With reference now to FIG. 3, a single value postage dispensing apparatus 10 is shown in electronic form. The housing supports a central processing unit (CPU) 60 that communicates with the actuator 36 and a sensor 64 that are located within the slot 15. A motor 66 is in communication with the CPU 60 and the platen 19, which in this case would be a movable platen, whereby upon the sensor sensing the presence of an envelope 37 in the slot 15, the motor 66 will be actuated to drive the platen 19 into engagement with the printheads 20, 22, 31. Upon the platen 19 being driven into engagement with the printheads 20, 22, the CPU will cause the descending register 40 to decrement one unit. When the descending register reaches a zero value, the CPU will disable the entire electronic mechanism of the meter so that no further printing can take place. The CPU can be in communication with the finger 54 to cause it to drop into the slot 15, or it could release a fluid substance so that the self inking printhead 20 would be unable to print anything any further.
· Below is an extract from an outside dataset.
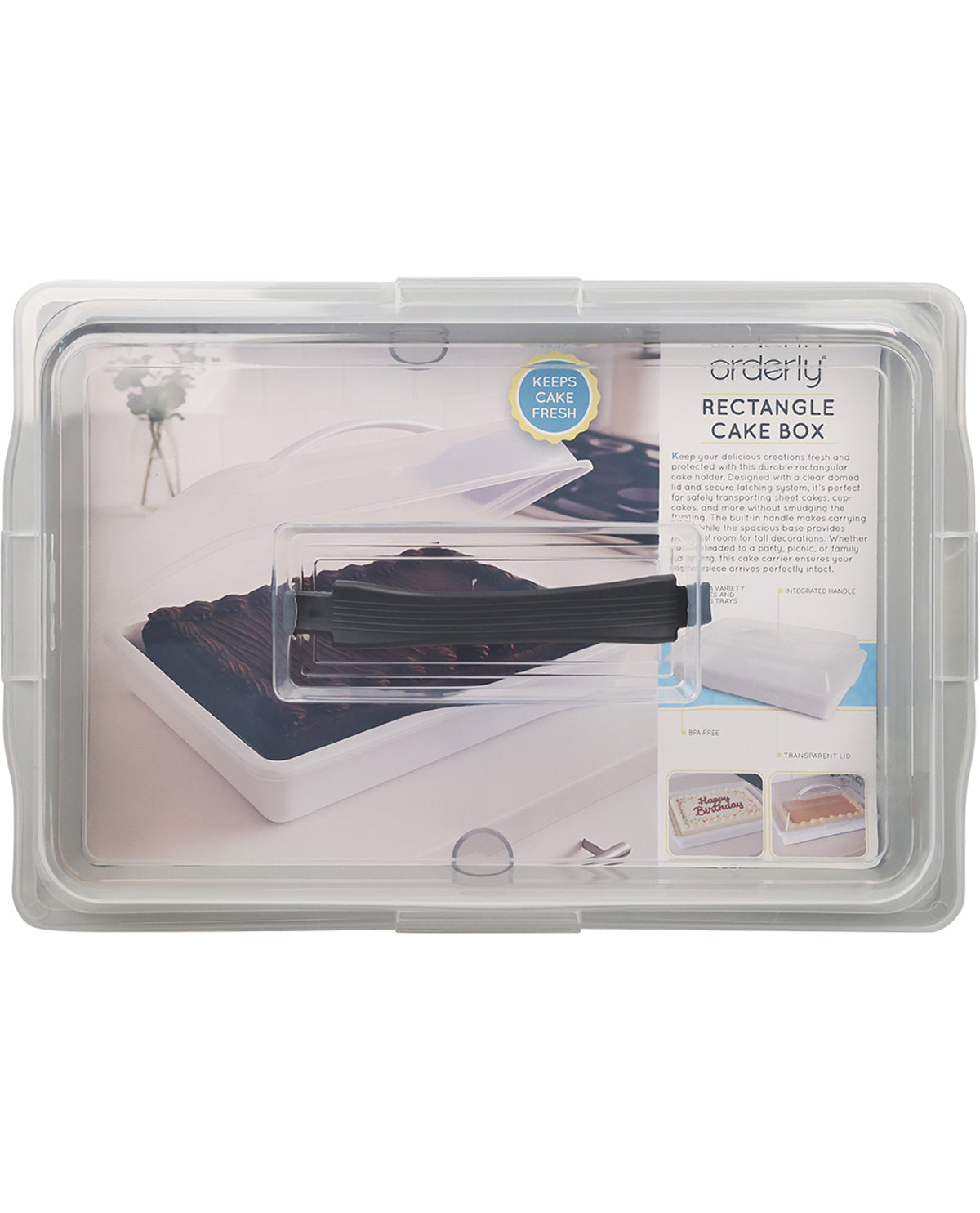 Cake box packaging with a clear lid showing a cake inside on a white background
The electronic embodiment is shown including an ascending register 68 as well as the descending register 40, both of which are in communication with the CPU 60.
An important feature of the invention is that the descending register 40 only increments one unit at a time, each unit representing an event of printing. Each unit represents a first class impression having been printed for a one ounce mail piece 37. Thus the descending register 40 could be adjusted to allow 200 imprints and the user would be required to pay $58.00 for the printing of two hundred 29¢ impressions. Because only numbered events are recorded, a rather low cost counting device can be provided. Also, since there is only one value being printed, there is no need for adjustment of print wheels for different values and there is no need for providing correlation between the printwheels and the descending register to properly record the amount of postage being printed. It will be appreciated that only a descending register has been shown in FIGS. 1 & 2 as that is only what is required for this apparatus, but an ascending register can also be provided as shown in FIG. 3.
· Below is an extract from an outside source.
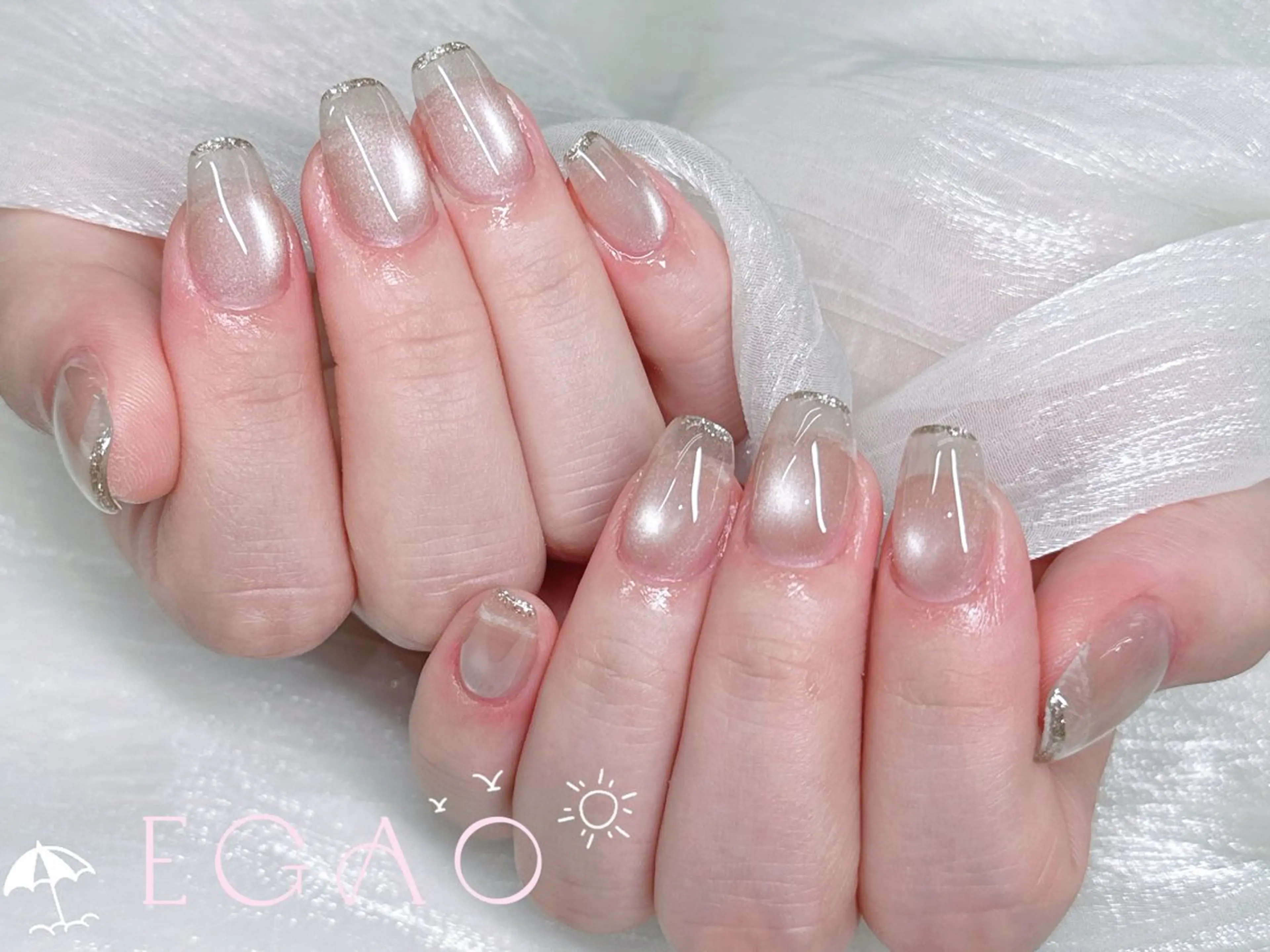 ネイル アートネイル フットネイル フレンチネイル ジェルネイル グラデーション ハンドネイル Egao Nail Salonのネイルデザイン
Thus what has been shown and described is a low cost "throw away" postage value device that is able to print and account for single value postage.
The above embodiments have been given by way of illustration only, and other embodiments of the instant invention will be apparent to those skilled in the art from consideration of the detailed description. Accordingly, limitations on the instant invention are to be found only in the claims.